## [Activity]
Without including any images, repeat the listing below exactly.

## [Recorded data]
*** Begin section ***
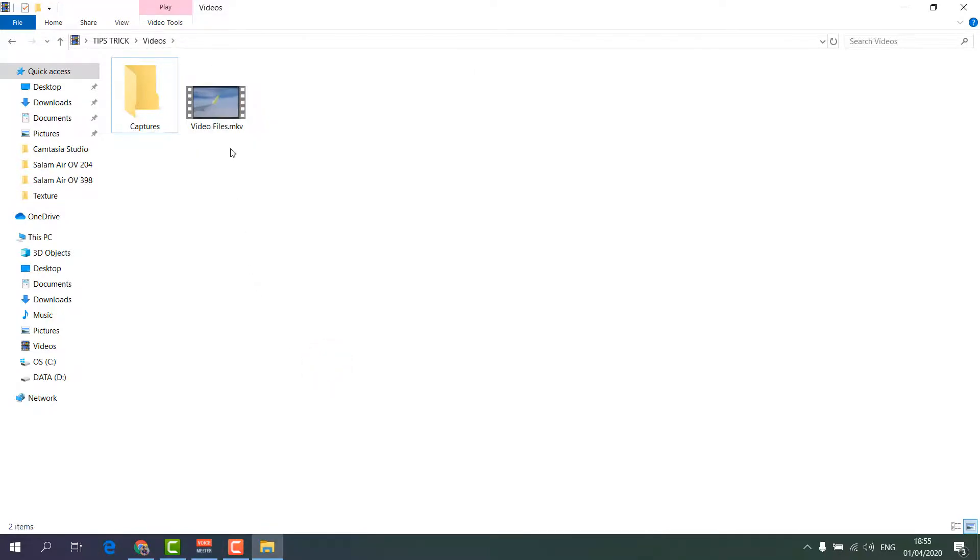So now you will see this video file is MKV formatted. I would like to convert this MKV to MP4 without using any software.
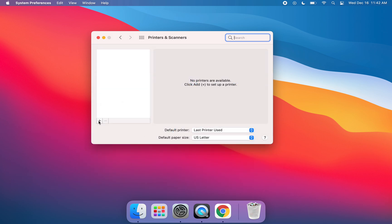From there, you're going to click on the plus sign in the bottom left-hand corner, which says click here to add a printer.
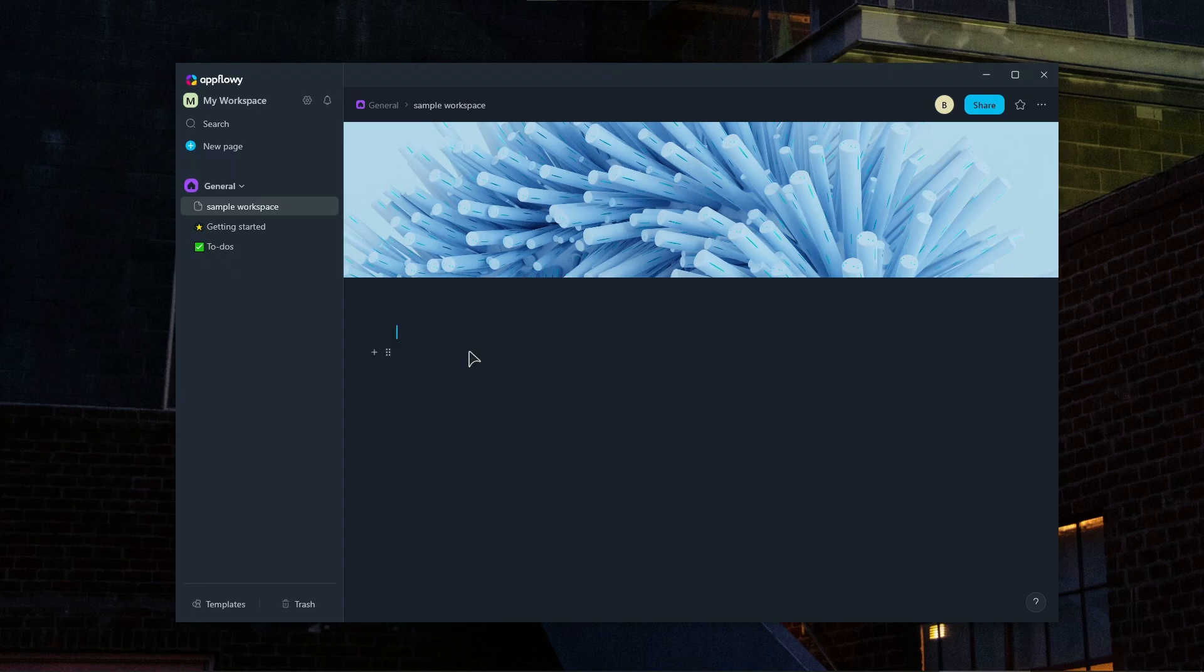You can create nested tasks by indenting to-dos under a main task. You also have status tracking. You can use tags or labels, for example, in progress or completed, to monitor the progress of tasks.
*** End section ***
## [Task response]
So now you will see this video file is MKV formatted. I would like to convert this MKV to MP4 without using any software.
From there, you're going to click on the plus sign in the bottom left-hand corner, which says click here to add a printer.
You can create nested tasks by indenting to-dos under a main task. You also have status tracking. You can use tags or labels, for example, in progress or completed, to monitor the progress of tasks.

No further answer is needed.